Балет «Соль мажор» на музыку концерта Мориса Равеля для фортепиано с оркестром — долгожитель роббинсовского репертуара в Париже. В 1975 году в нем блистала Гилен Тесмар, сейчас — ее ученица Мари-Аньес Жилло. Прелестные костюмчики от Эрте (он же Роман Тыртов) — белые трико в полосочку-волну для мальчиков и юбочки для девочек. Гениальный парад пятых позиций, энциклопедия чистого движения — первый арабеск, второй арабеск, пучки па де ша, пируэты всех мастей. Двенадцать танцовщиков парят на фоне лазурного неба и условно нарисованного на нем солнышка. Какая еще труппа может делать это с такой легкостью, как французы. Хотя Жилло немного драматизирует ситуацию — вносит много чувственности в дуэт, но ведь гармонично найденное новое и дает жизнь старому спектаклю. В другой день роль солистки танцевала Доротее Жильбер — больше виртуозка и больше похожая на инженю. Пожалуй, она выглядела в этом балете гармоничнее Жилло — меньше думала над смыслом отдельных па, чуть быстрее вращалась, в общем, была мажорнее.

Спектакль «В ночи» переживает сейчас в Париже нелучшие времена. Слишком лобово подобраны пары. Аньес Летестю — семейная матрона, Делфин Муссен — страстная любовница, Клер-Мари Оста — романтическая незнакомка. Куда интереснее было бы играть на несовпадение — танцевать-то этот балет не так трудно, как чувствовать. Только одна девушка оказалась идеальной на своем месте — Летиция Пюжоль в паре, которую Роббинс сочинил как первое свидание.

Завершает вечер «Концерт» — пародия на балет и балетных. Делать пародии — большое искусство, два лишних жеста, и можно скатиться в вульгарность. В Париже умеют делать пародии. Умеют, потому что имеют право смеяться над собой. Франция — родина балета, и французы больше других в этой сфере пережили. Как это передается молодым — не знаю, но явно передается. Когда этот же «Концерт» привозили пермяки, то хотелось не смеяться, а плакать. Открытие возобновления «Концерта» в этом сезоне — Доротее Жильбер и Алессио Карбоне. Пара в жизни, в спектакле они разыграли незадачливых «любовников на час» и глазом не моргнув. Карбоне исполнил Мужа суровой дамы, которая так любит музыку, что броня искусства охраняет ее от любых поползновений, в том числе и от кинжала. Женщина слушает Шопена и так воодушевлена в этот момент, что нож мужа, который хочет убить ее, чтобы закрутить романчик с балериной (Жильбер), ломается.

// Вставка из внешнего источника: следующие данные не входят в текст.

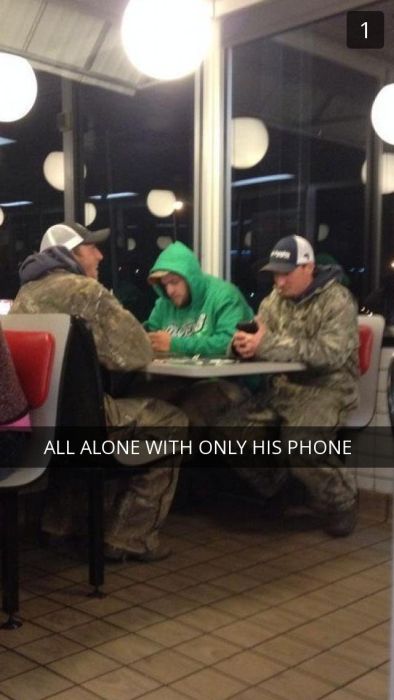 These Are The Saddest Snapchats You're Going To See Today (17 pics)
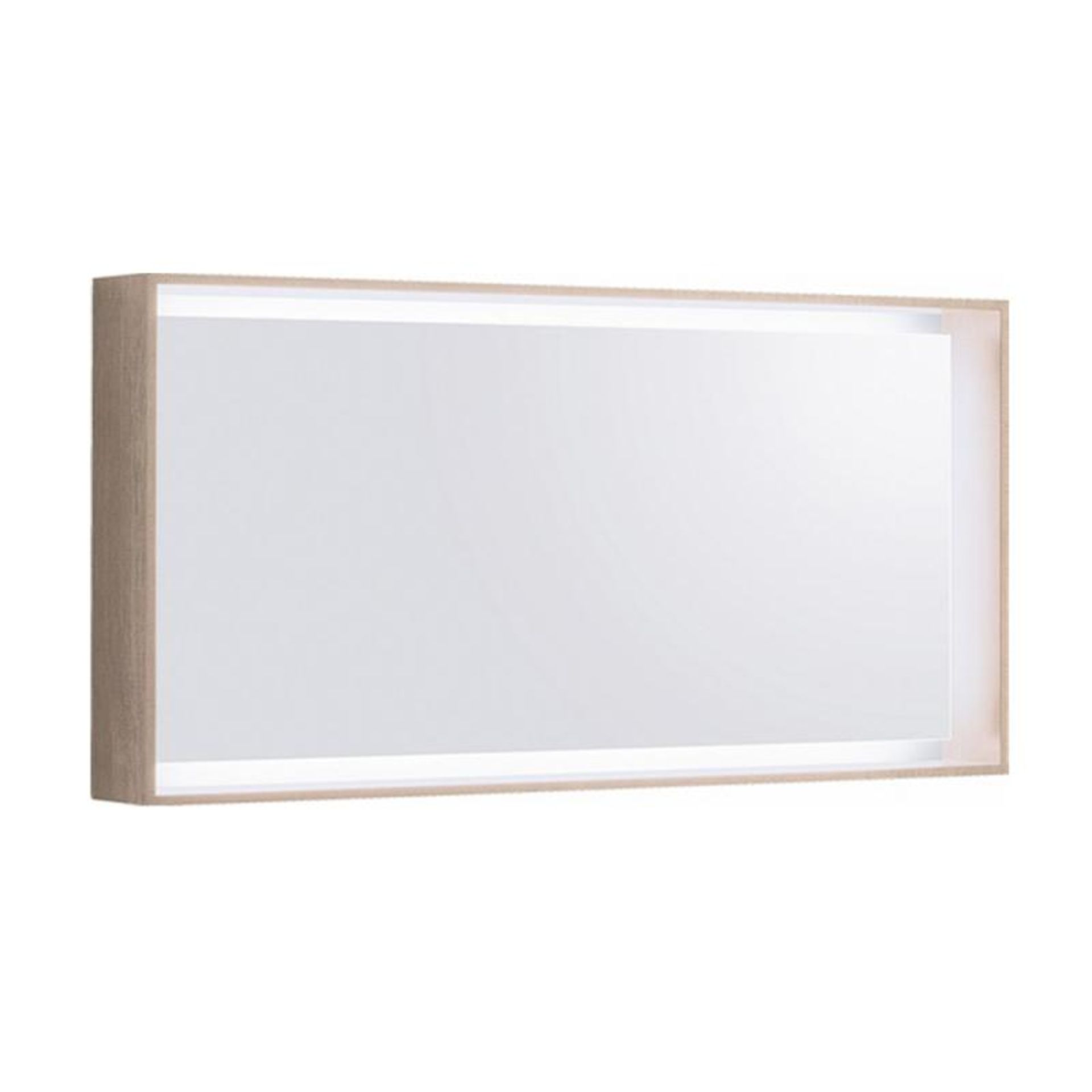 NEW (VD20) Keramag Citterio Natural Beige illuminated Mirror.RRP £687.99.If youre looking for ...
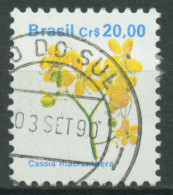 Brasilien 1990 Freimarke Blüten 2356 Gestempelt - Gebraucht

Думается, Роббинс был бы доволен таким подношением, какое ему сделали французы. Только не дай бог нашим театрам использовать французский рецепт подарка великим деятелям прошлого. Не надо для Петипа, или Фокина, или Голейзовского ставить а-ля Петипа, Фокин, Голейзовский. Как ставят ученики и последователи ныне живущих хореографов в честь своих учителей — мы видели. Больше не хочется.